Source records
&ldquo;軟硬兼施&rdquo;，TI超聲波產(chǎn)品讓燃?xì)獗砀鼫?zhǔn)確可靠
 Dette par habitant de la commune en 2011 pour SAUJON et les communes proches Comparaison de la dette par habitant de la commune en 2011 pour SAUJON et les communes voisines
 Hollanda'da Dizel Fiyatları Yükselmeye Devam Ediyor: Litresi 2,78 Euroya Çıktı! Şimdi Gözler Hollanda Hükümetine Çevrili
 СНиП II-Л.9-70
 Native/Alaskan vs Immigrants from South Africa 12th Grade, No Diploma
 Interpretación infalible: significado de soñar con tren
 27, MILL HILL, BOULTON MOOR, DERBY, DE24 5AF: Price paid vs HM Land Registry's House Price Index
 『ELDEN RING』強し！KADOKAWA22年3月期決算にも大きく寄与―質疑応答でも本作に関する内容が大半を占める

The task =
Reproduce exactly the section above that begins at the line containing "les communes voisines" and ends at the line containing "СНиП II-Л.9-70", leaving out all other lines.

Task output =
 Dette par habitant de la commune en 2011 pour SAUJON et les communes proches Comparaison de la dette par habitant de la commune en 2011 pour SAUJON et les communes voisines
 Hollanda'da Dizel Fiyatları Yükselmeye Devam Ediyor: Litresi 2,78 Euroya Çıktı! Şimdi Gözler Hollanda Hükümetine Çevrili
 СНиП II-Л.9-70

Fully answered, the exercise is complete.